50.09 Percutaneous versus Surgical Tracheostomy: a meta-analysis.

C. J. Lee1, R. S. Chamberlain1,2,3  1Saint Barnabas Medical Center,Surgery,Livingston, NJ, USA 2New Jersey Medical School,Newark, NJ, USA 3Saint George’s University,Grenada, Grenada, Grenada

Introduction:  Percutaneous tracheostomy (PT) was first described by Toye and Weinstein in 1969, and has gained wide acceptance.  Despite being the procedure of choice in many ICUs, ongoing controversy over complication rates has led many surgeons to prefer standard open tracheostomy (ST) versus PT.   This meta-analysis assesses all randomized controlled trials (RCTs) comparing PT to ST evaluating operative time and postoperative outcomes to develop evidence based recommendations on tracheostomy method. 

Methods:  A comprehensive literature search of PubMed, the Cochrane Central Register of Controlled Trials, and Medline was performed. 21 prospective, RCTs were identified comparing PT with ST in adult, intensive care unit patients requiring tracheostomy (1991-2014). Data were extracted on study design, study size, rate of tracheostomy site infection, rate of intraoperative and postoperative hemorrhage, rate of pneumothorax, rate of subcutaneous emphysema, and recorded operative time.
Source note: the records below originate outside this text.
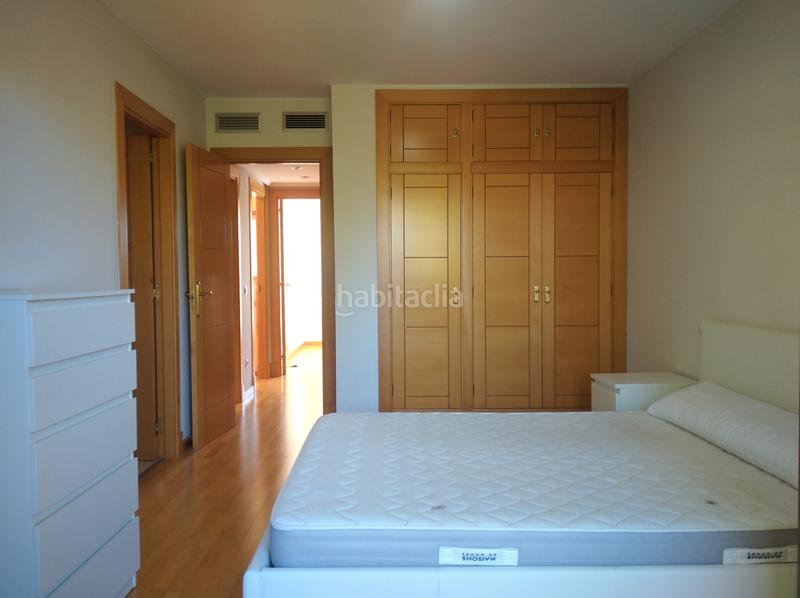 Foto 9d11daf0-7709-4803-9cbb-17a0d578ca6b. Miete doppelhaus in avenida de la ilustración 39 in Zaragoza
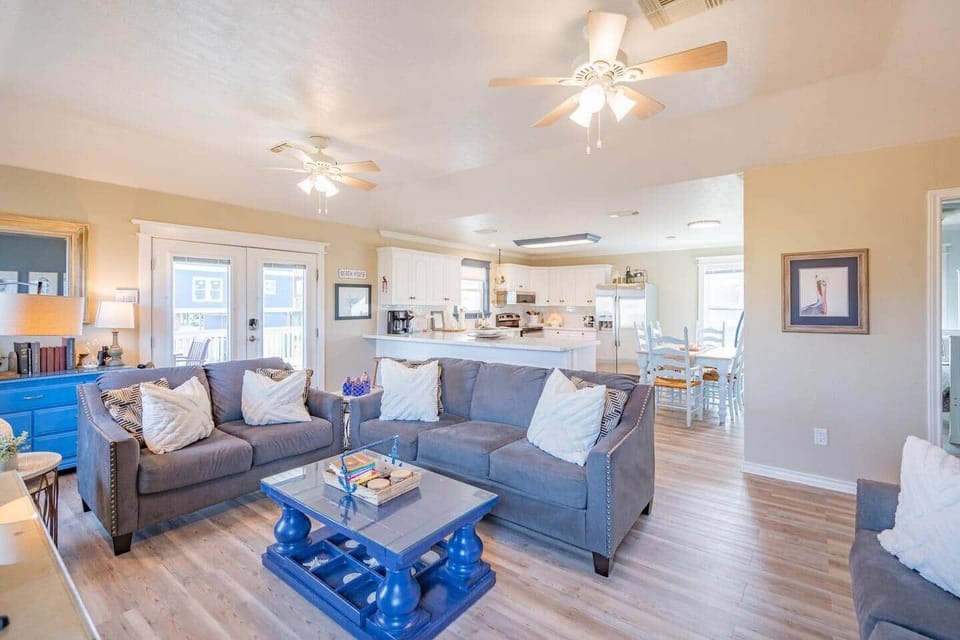 The tasteful, coastal decor is perfect for your beach location.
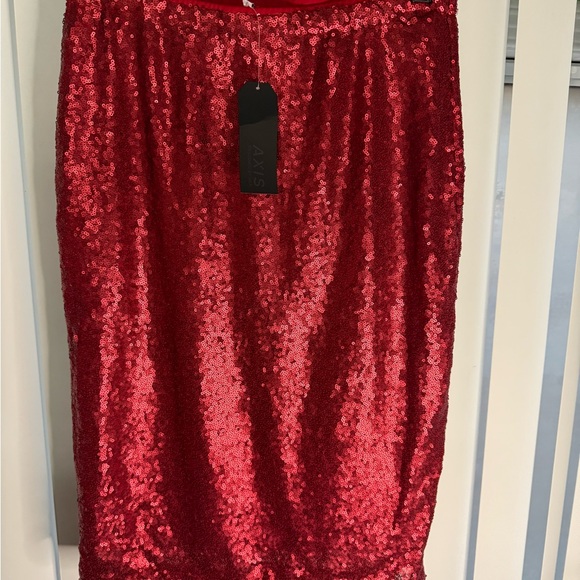 Elegant Red Sequin Pencil Skirt - Picture 8 of 12
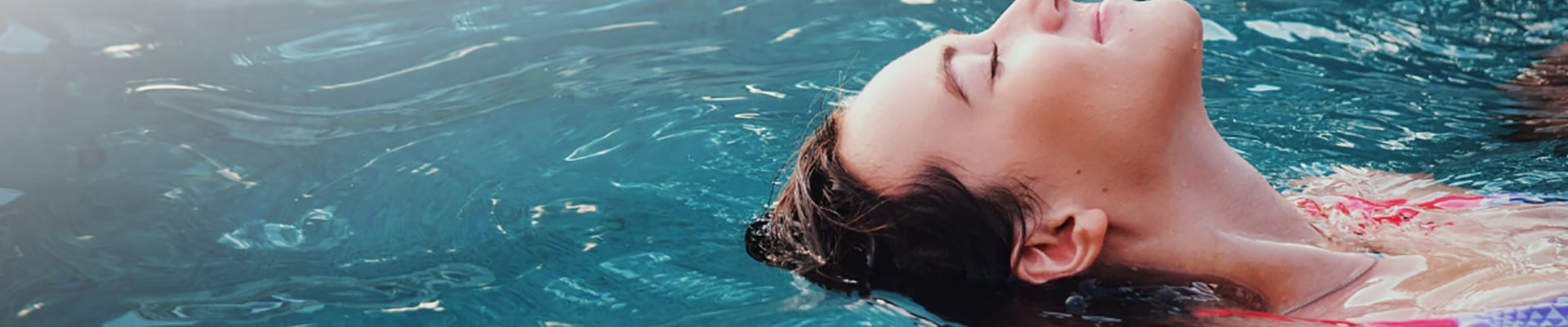 Mujer nadando en la piscina Suba Colsubsidio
Results: 21 trials involving 2,074 subjects were included in the meta-analysis. Among these 2,074 adult ICU patients, 996 involved PT, and 1,078 were ST. PT techniques included Cook Blue Rhino, Ciaglia and Griggs’ techniques. PT was associated with a 65% decrease in the likelihood of wound infection (risk ratio (RR) 0.35; 95% CI, 0.22 to 0.54, p<0.001) and significantly shorter operative time (Standard difference in means -1.67; 95% CI, -2.25 to -0.99, p<0.001) compared to ST. No significant differences in intraoperative hemorrhage (p=0.675), postoperative hemorrhage (p=0.287), pneumothorax (p=0.528) or subcutaneous emphysema rates were observed (p=0.484). 
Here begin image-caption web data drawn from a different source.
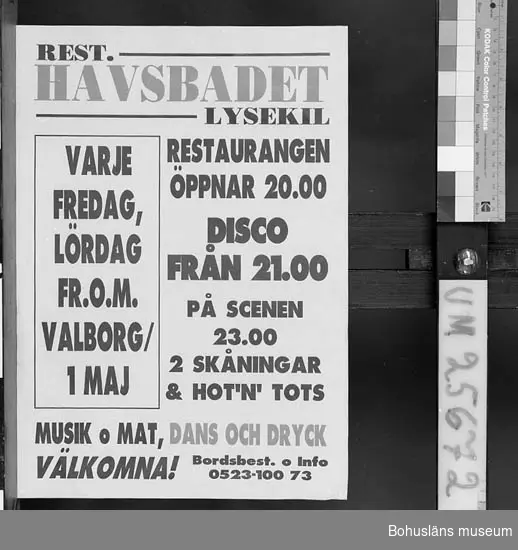Föremålet visas i basutställningen Kustland,  Bohusläns museum, Uddevalla.

Röd och svart text mot gul botten. "Rest. Havsbadet, Lysekil. Varje fredag, lördag fr o m Valborg/1 maj.
Restaurangen öppnar 20.00. Disco från 21.00. På scenen 23.00 2 Skåningar & Ho"tn"Tots. Musik och Mat, Dans och Dryck. Välkomna!
Bordsbest o Info 0523-100 73"

Insamlad i samband med dokumentation av Havsbadsrestaurangen i Lysekil sommarsäsongen 1992. Se museets arkiv.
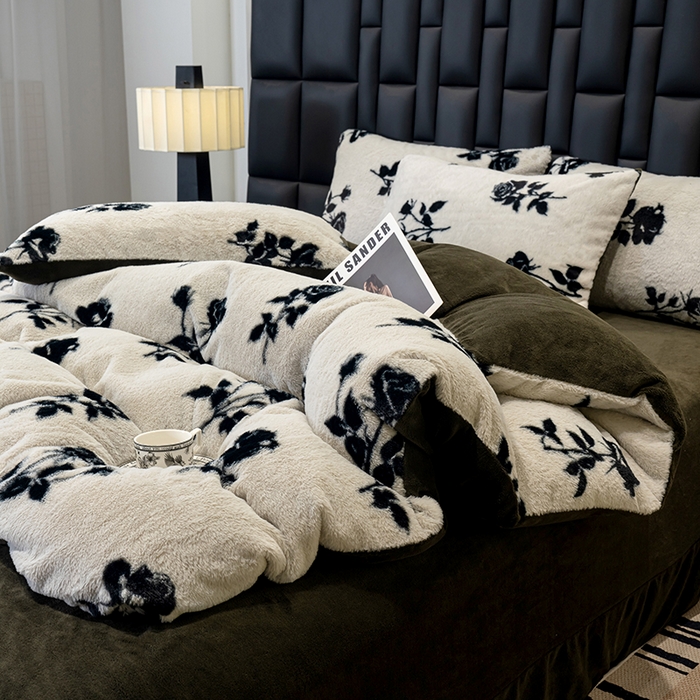 91家纺网 家纺一手货源 找家纺 元禾家纺 2025新款法式美拉德高克重兔毛床盖款四件套兔毛简单款 玫瑰白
Conclusion: PT is associated with a significant decrease (65%) in the incidence of wound infection when compared to ST, and is comparable regarding other major operative complications such as hemorrhage, pneumothorax, and subcutaneous emphysema. PT can be performed in a significantly shorter amount of time compared to ST. In the critically ill patient in an intensive care setting, PT can be recommended as the procedure of choice and a safe alternative when an elective tracheostomy is required.